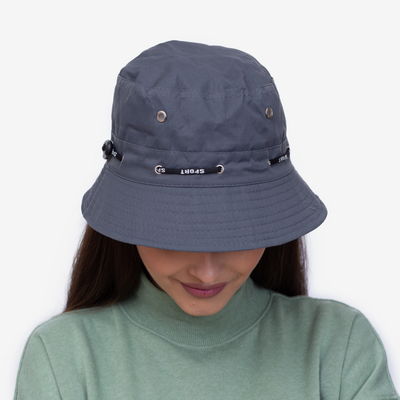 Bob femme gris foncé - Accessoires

##########

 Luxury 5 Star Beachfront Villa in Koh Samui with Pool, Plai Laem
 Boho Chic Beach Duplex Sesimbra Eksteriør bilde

##########

§ AIM OF THE EXERCISE
The lines to extract from the data above begin with the line containing "Luxury 5 Star" and end with the line containing "Boho Chic Beach". Extract them exactly, including both.

§ EXERCISE SOLUTION
 Luxury 5 Star Beachfront Villa in Koh Samui with Pool, Plai Laem
 Boho Chic Beach Duplex Sesimbra Eksteriør bilde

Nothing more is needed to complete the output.